Les hommes, plus présents dans les intelligences « extrêmes »

Enfin, un aspect intrigant est la gamme de variation des capacités cognitives des populations féminines et masculines. Diverses études indiquent que les hommes sont beaucoup plus représentés dans la queue inférieure de la distribution de l’intelligence , montrant une fréquence plus élevée de handicap mental, de troubles de l’attention, de dyslexie, de bégaiement ou de retards dans l’acquisition du langage. Mais, également, ils sont un peu plus abondants dans la partie supérieure de la queue, ce qui signifie une probabilité un peu plus élevée de trouver des génies masculins .

La différence entre XX et XY

Quelles sont les raisons de ces inégalités entre femmes et hommes ? Il faut se demander s’il s’agit de différences culturelles, du produit d’une éducation différenciée selon les sexes, ou d’une raison génétique, comme semble l’indiquer le constat d’ une plus grande variabilité des structures cérébrales des hommes . Si c’est le cas, cela pourrait être lié aux chromosomes et aux hormones sexuelles , qui influencent l’apprentissage . Même avec l’orientation sexuelle , même si celle-ci n’est pas claire .

Nous portons tous dans chacune de nos cellules somatiques une paire de chromosomes sexuels, différents chez l’homme (XY) et identiques chez la femme (XX). Le chromosome mâle (Y) est très petit et porte le gène SRY , responsable de la différenciation de ce sexe. Pour les chromosomes restants, nous avons également une paire, puisque chaque parent nous en lègue un, et dans nos cellules, l’expression de l’un d’eux est désactivée de manière aléatoire.

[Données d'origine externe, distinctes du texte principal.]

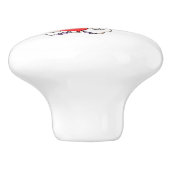 Puppy met hart in poot keramische knop (Zijkant)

Cela signifie que la moitié des cellules d’une femme expriment les gènes du chromosome X paternel et l’autre moitié ceux du maternel. Mais le mâle n’a qu’un seul chromosome X, hérité de sa mère, il s’exprime donc toujours. Le chromosome X, comme le reste, abrite des gènes liés aux capacités cognitives .

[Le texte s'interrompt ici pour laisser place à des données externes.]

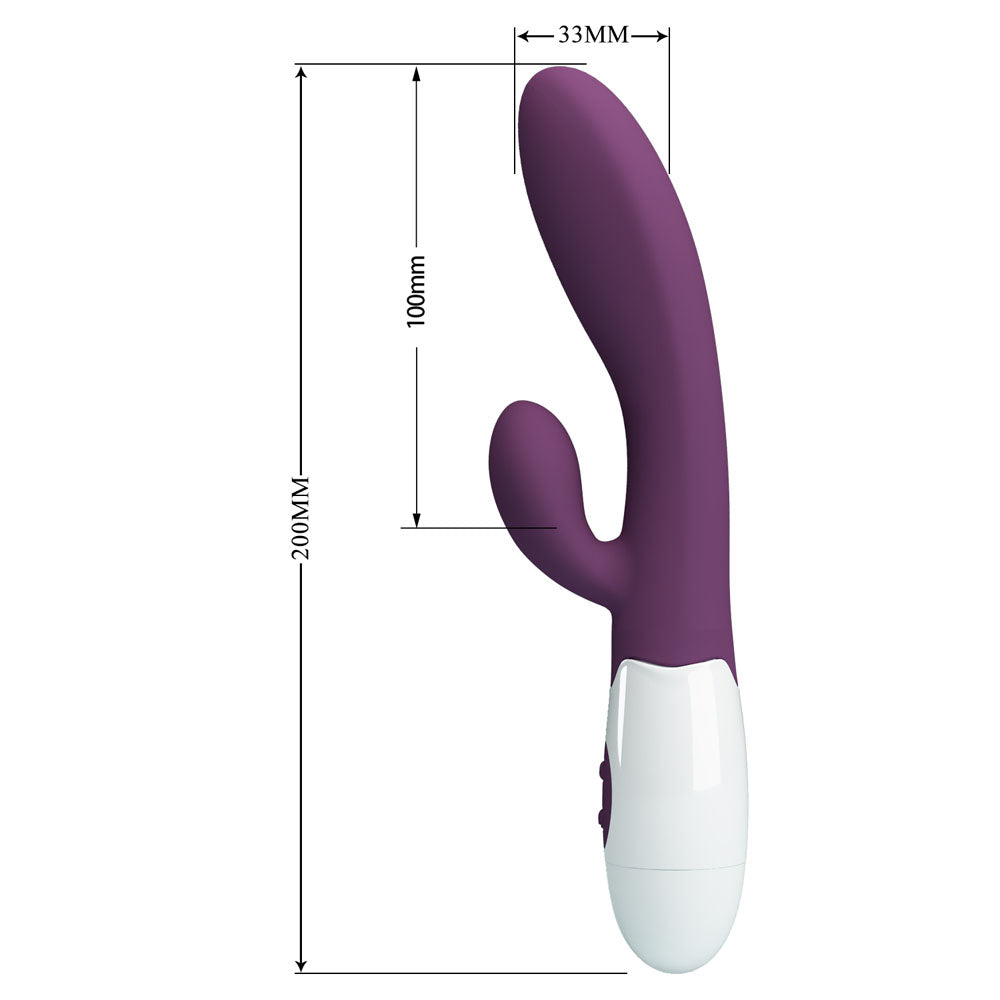 Party Up BEN Classic Vibe - Purple - Purple 20 cm Rabbit Vibrator-BI-014263-A2-PU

La plupart des mutations de nos gènes sont récessives et sont réduites au silence par la copie non mutée du gène porté sur l’autre chromosome. Cela affecte également la paire de chromosomes X chez les femmes et une partie importante de la variation de leurs gènes serait cachée en étant hétérozygote . Si l’hypothèse est correcte, la condition hémizygote des mâles ferait ressortir davantage la variabilité de ces gènes en eux. Cela expliquerait la plus grande gamme de capacités cognitives chez les hommes, 20% de variation en plus. Surtout pour les valeurs inférieures (la plupart des mutations sont nocives), mais aussi pour les plus élevées.